A good friend is visiting Arran next week. We cannot entertain her in our home but are allowed to meet her for a meal and a long chat in a restaurant. We are both over 70 and would like to ask an epidemiologist what are the relative risks to us of entertaining her at home as against spending a long time at a restaurant without masks?
I saw a comment on Arran Community Forum – also featured on this letters page – by Dr John Cruikshank remarking on the fact that an old friend from Cambridge was staying at the Auchrannie but he was unable to allow his friend to visit – because of the new rules. He and his friend are both over 70.
Arran is arguably one of the safest places in the UK. There have been only five cases recorded on the island and no new cases since the beginning of June.
Is it really reasonable? Are we to be subjected to a ‘one size fits all regime?’ This is not a university campus – we are not in a big city!
Arran depends largely on tourism for its livelihood – hotels, restaurants, letting houses, shops, the distilleries – are all largely dependent on tourism for their income.
The short season has become longer this year as people opt to spend their holidays, and their holiday money, in the UK. Arran is proving to be popular for the October holidays – which are a staple of the Arran calendar.
Gone are the golden beaches of Spain and the warm breezes of Tenerife – when visitors come to Arran – they can of course enjoy the warm hospitality that the excellent teams are providing.
But is Arran missing a golden opportunity? A simple testing procedure (10 minutes) and passengers would be allowed to board the ferry. Arran could then retain it’s claim to be ‘one of the safest places in the UK’.
Free flu jab plea
Diabetes Scotland is urging everyone with diabetes to take up the offer of a free flu jab. People who are eligible for a flu jab should be contacted in the next few weeks with instructions on how to get their vaccine.
Getting the flu jab is the best way to protect yourself against the flu and reduce your risk of needing to go into hospital – which is even more important this year in light of coronavirus.
If you’re living with diabetes, you’re more at risk of getting the flu – and if you catch it, you are more at risk of developing serious complications. Flu can also make your diabetes harder to manage and cause your blood sugar levels to rise dangerously high. This can lead to acute complications, which can often go unrecognised, and can even be fatal.
That’s why it’s essential that everyone at high risk of serious illness from flu gets vaccinated as soon as possible– especially as it can take up to two weeks for it to be effective.
For more information about diabetes and flu, please visit the Diabetes UK website www.diabetes.org.uk/seasonal-flu
Sight loss service
Next week marks both World Sight Day (Thursday, October 8) and World Mental Health Day (Saturday, October 10), two important reminders of the fragility and stress to which we are all vulnerable, and which have been exacerbated during the current crisis.
Every day in Scotland 10 people begin to lose their sight.
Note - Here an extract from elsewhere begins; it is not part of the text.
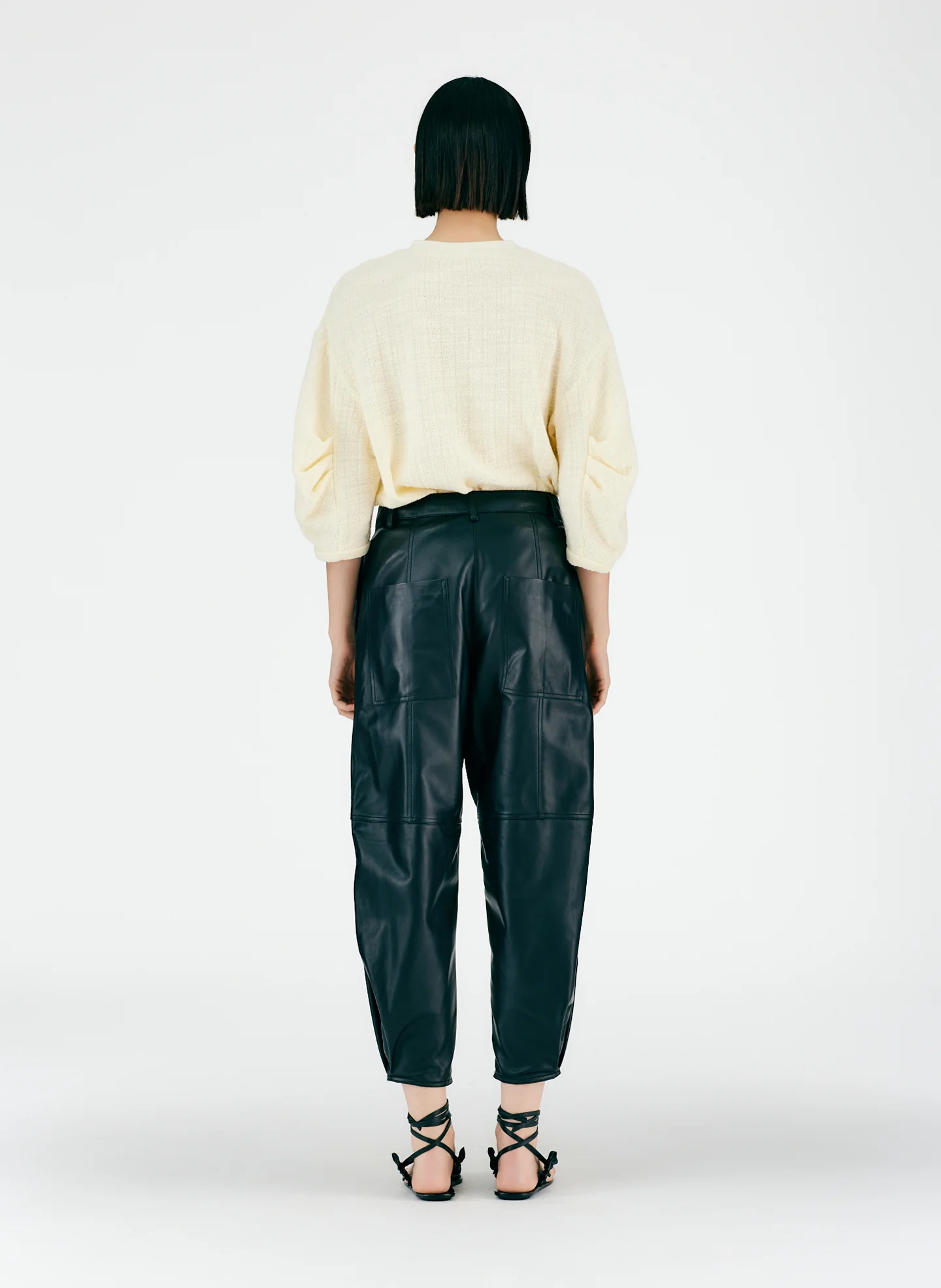 Leather Sculpted Pant - Image 5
To those affected, the prospect of losing their independence and even their livelihoods can have an understandable impact on their mental health.
RNIB Scotland’s Need to Talk service is available in Ayrshire and Arran. It offers free and confidential advice and support over the phone from trained counsellors, providing vital reassurance that help is available so people can find their lives again and come to terms with whatever sight loss condition they have.
Our Need to Talk service is there so no one should feel alone or adrift at what can be a very sensitive time. It is also available to the family and carers of those experiencing sight loss.